Background/Epidemiology
- MCNS is responsible for about 90% of cases of nephrotic syndrome in children under 5, and for ~20% of cases in adulthood.
- In children, because the large majority of patients with nephrotic sydrome have MCNS- this is assumed to be the diagnosis until proven otherwise (in adults, renal biopsy is required)
- Named because the only abnormality which can be detected is fusion/deformity of the foot process (podocytes) under the electron microscope (both light microscopy and immunofluorescence appear relatively normal)
Aetiology/Pathophysiology
- Unknown aetiology- presumed to be immune-mediated (thought to be T-cell (Th2) lymphocyte involvement)

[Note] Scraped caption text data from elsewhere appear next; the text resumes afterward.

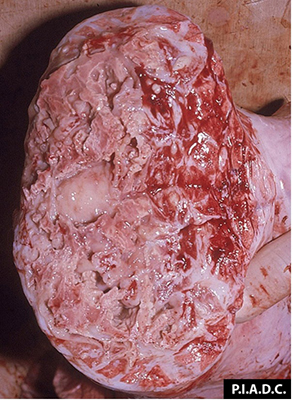 Bovine, lung. Dull, tan parenchyma, containing multiple necrotic cavities, partially surrounded by a fibrous capsule (sequestrum). Interlobular septa surrounding the sequestrum are markedly thickened by fibrous tissue. 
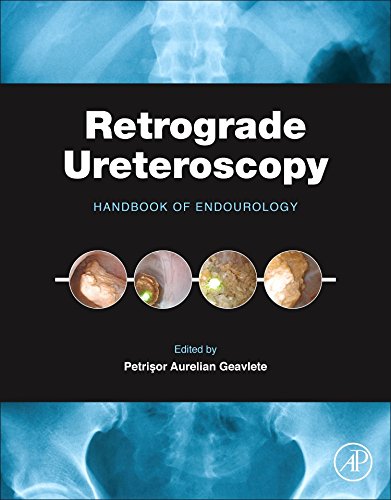 Retrograde Ureteroscopy Handbook Of Endourology 1st Edition Petrisor Aurelian Geavlete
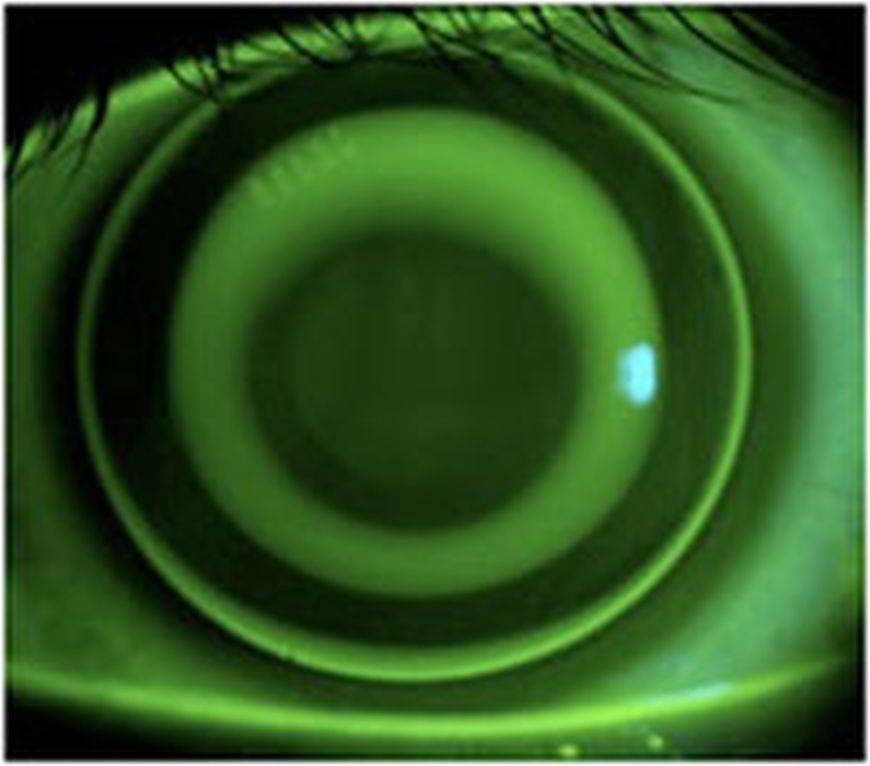 Improve Your Vision While You Sleep with Orthokeratology in Dubai Improve Your Vision While You Sleep with Orthokeratology in Dubai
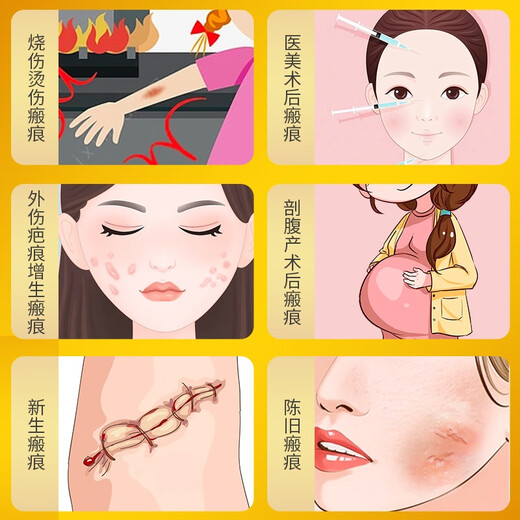 【原研进口】康瑞保 复方肝素钠尿囊素凝胶 10g/盒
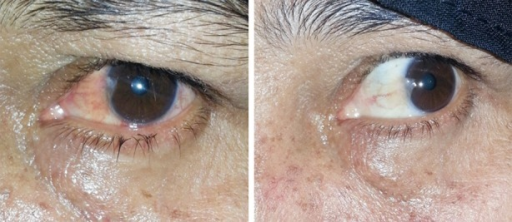 Showing clinical appearance of <b>pterygium</b> before and after treatment.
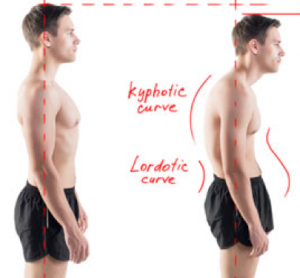 Normal Duruş, Kifoz ve Lordoz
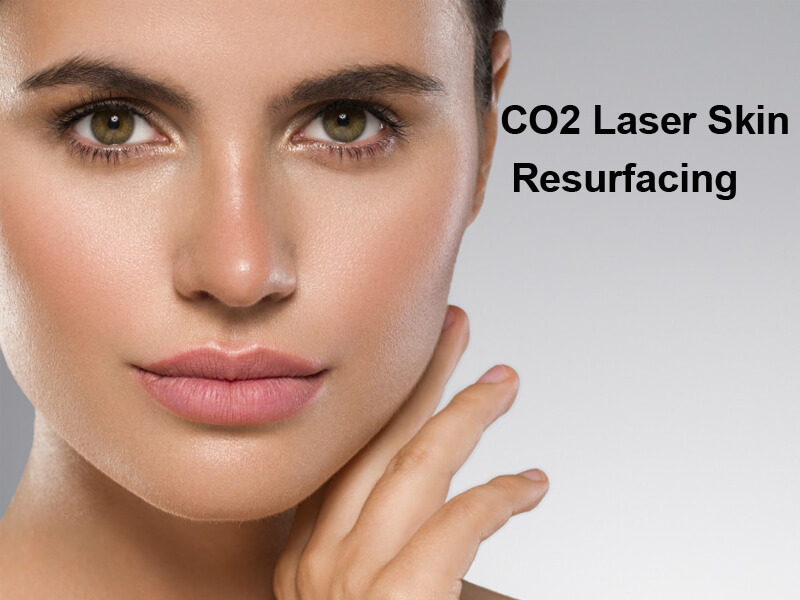 co2 fractional laser machine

- On electron microscopy, there is effacement of the epithelial cell foot processes over the outer surface of the glomerular basement membrane
Clinical Features/Investigations
- Nephrotic syndrome– investigate as appropriate
- In children, there may be a severe hypoalbuminaemia (<10g/l not uncommon)

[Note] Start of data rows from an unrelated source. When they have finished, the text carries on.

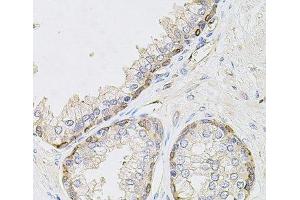 Immunohistochemistry of paraffin-embedded Human prostate using CIB1 Polyclonal Antibody at dilution of 1:100 (40x lens). (CIB1 Antikörper)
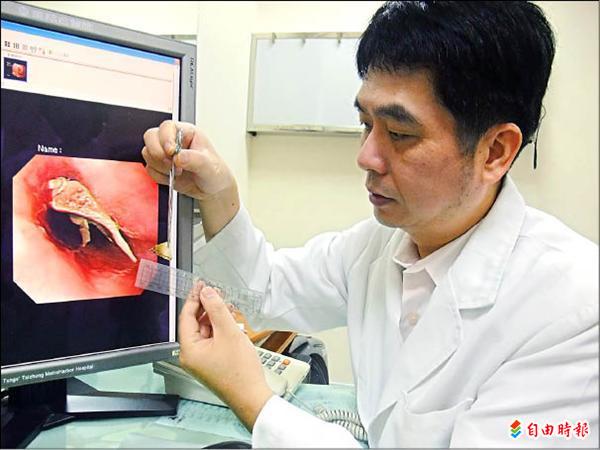 誤吞雞骨 喉嚨痛啊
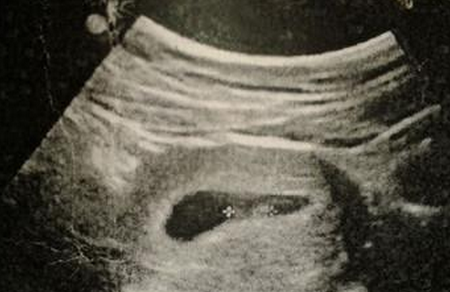 怀孕5周能看到孕囊吗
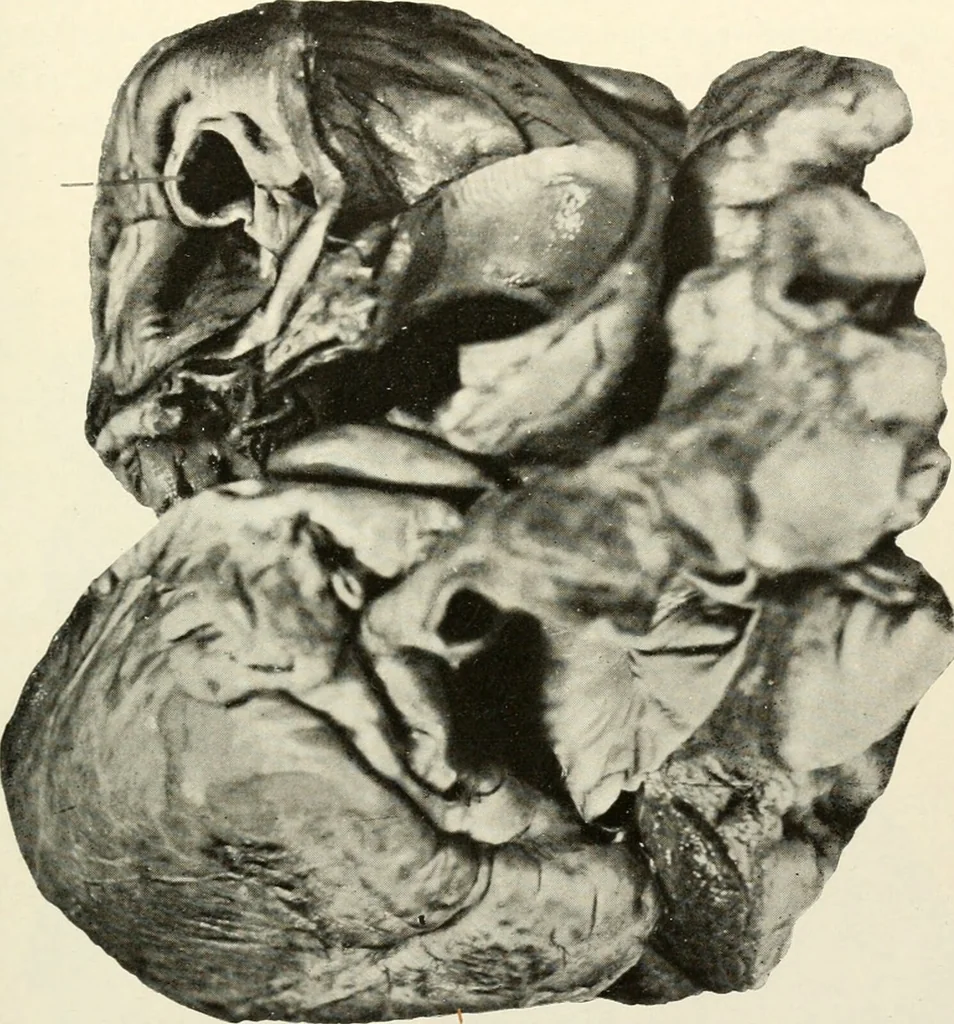 An illustration from Diseases of the heart and arterial system : designed to be a practical presentation of the subject for the use of students and practitioners of medicine / by Robert H. Babcock ... with three coloured plates and one hundred and thirty-nine illustrations., 1903, leaf 417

- Haematuria and hypertension (nephritic sydrome) are rare, as is renal failure/acute kidney injury, however they can occur
- Children, in particular, are prone to infections e.g. cellulitis and pneumococcal peritonitis
Management
- Corticosteroids are usually first line (prednisolone 60mg/day (or 1g/kg/day) for 6 weeks)
- Immunosuppressive agents (e.g. ciclosporin) can be used in patients who do not respond or who frequently relapse
- Long-term immunomodulation (with steroids or immunosuppression) can be used in frequent relapsers.